Its true value is considerable: The house is largely intact, with its original exterior, large rooms, and fine woodwork. Kayla and Dennis (he’s an HVAC engineer at a local air-force base) bought the big house to serve as a picturesque venue for small events.

 “We didn’t have to do much, structurally … even though the house had once been used as a barn, it had been maintained,” Kayla explains. “In 1990, a previous owner did extensive restoration as he worked to have the house listed on the National Register of Historic Places.” The research required for listing provided the Whites with an invaluable trove of information about its construction, history, and local significance.  

The interior is restful and uncluttered.

Stacy Preston

According to the National Register application: “The two-storey portico on the west facade is the most prominent Greek Revival feature. However, as was common on folk forms like the I-house, square columns were a vernacular adaptation of classical round columns. Such columns often lacked classical capitals.

“Other Greek Revival characteristics include the narrow line of transom and sidelights incorporated into the elaborate door surround, the pilasters used along the west facade, the six-light sash windows, and window surrounds that are less elaborate than the doorway.”

On one wall of the kitchen, blue paint on poplar shiplap was painstakingly removed; other walls and the ceiling have been left painted.

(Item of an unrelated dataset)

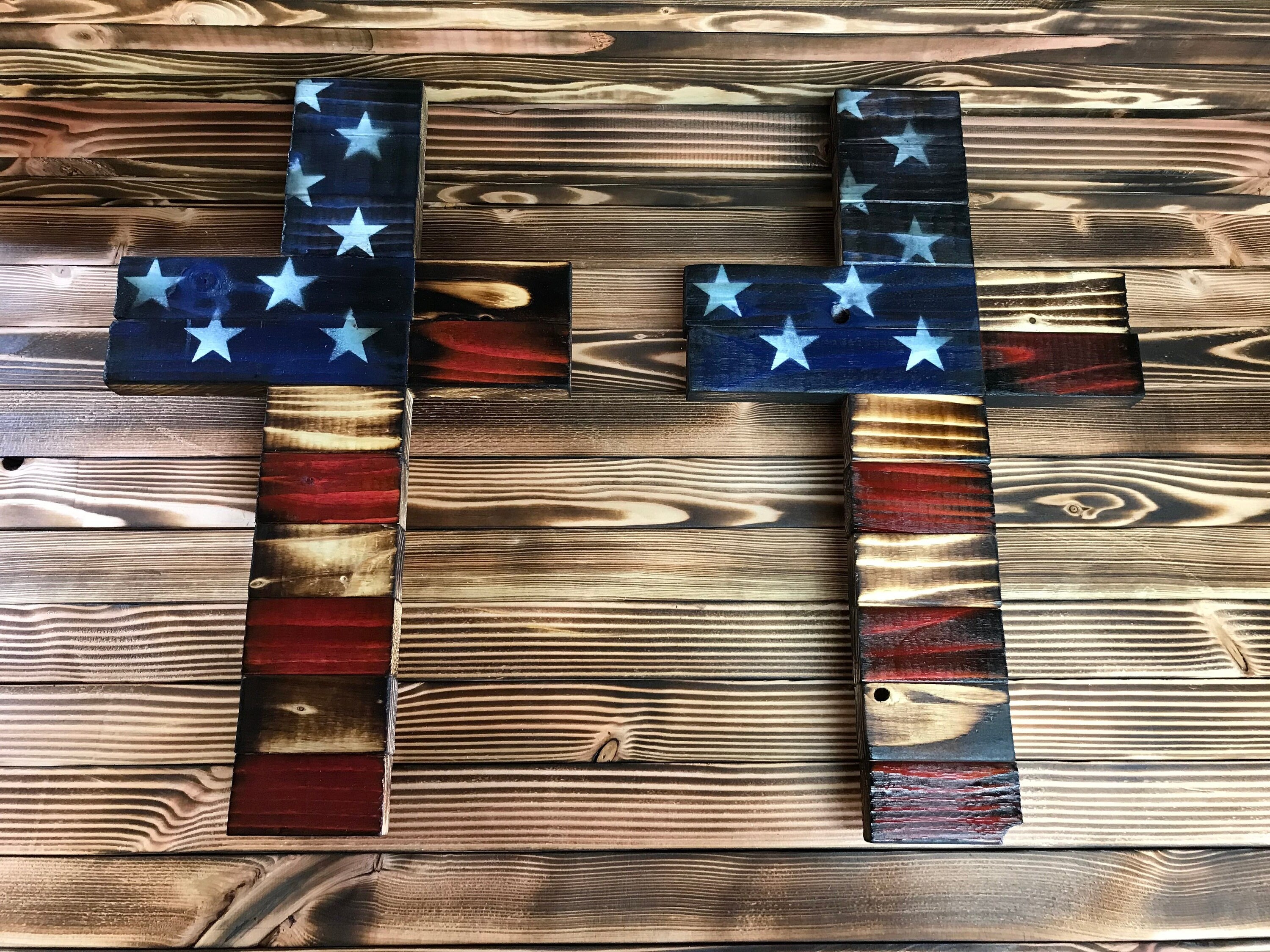 Rustic Wooden American Flag Cross Etsy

The floor dates to 1990.

Stacy Preston

Making the interior ready for guests was a family event. “My mother and I renovated every room,” Kayla says. “We peeled away a lot of carpeting and scraped off many layers of paint. For the dining room, my grandfather, BillyAllen, made the two 10-foot farmhouse tables from 100-year-old lumber.”

The original dining room in the rear ell had become a kitchen in 1990; the family installed a new kitchen in the space. Kayla, her mother and grandfather spent four months chiseling and scraping blue paint from a shiplap wall. After that, they decided to leave other shiplap kitchen walls painted.

The original staircase is a geometric wonder, and provides one favored setting for bridal photos.

Stacy Preston

Dennis and Kayla White named the house Promise Manor, celebrating its purpose and the fulfillment of their dream. Since opening in 2019, they’ve hosted more than 80 events, two open houses, and countless photo sessions. With its two-storey columned portico, the exterior is catnip for photographers, as are the stair hall and elegant rooms. Soon Kayla’s mother will open a floral business in the house, serving the events. And Kayla herself may be able to quit her day job.

Read Landscapes on Wood Wainscot

An Empire Revival settee sits in a corner of the groom’s suite.

Stacy Preston

What’s an I-house?

First identified by researchers in the 1930s as common in Illinois, Indiana, and Iowa (thus the name), the I-house is a vernacular form, not a style, which may be plain or embellished. Essentially, it is a two-storey, single-pile (one room deep) house with a tall, narrow silhouette. The façade is usually symmetrical. It is most prevalent in the Mid-Atlantic and South.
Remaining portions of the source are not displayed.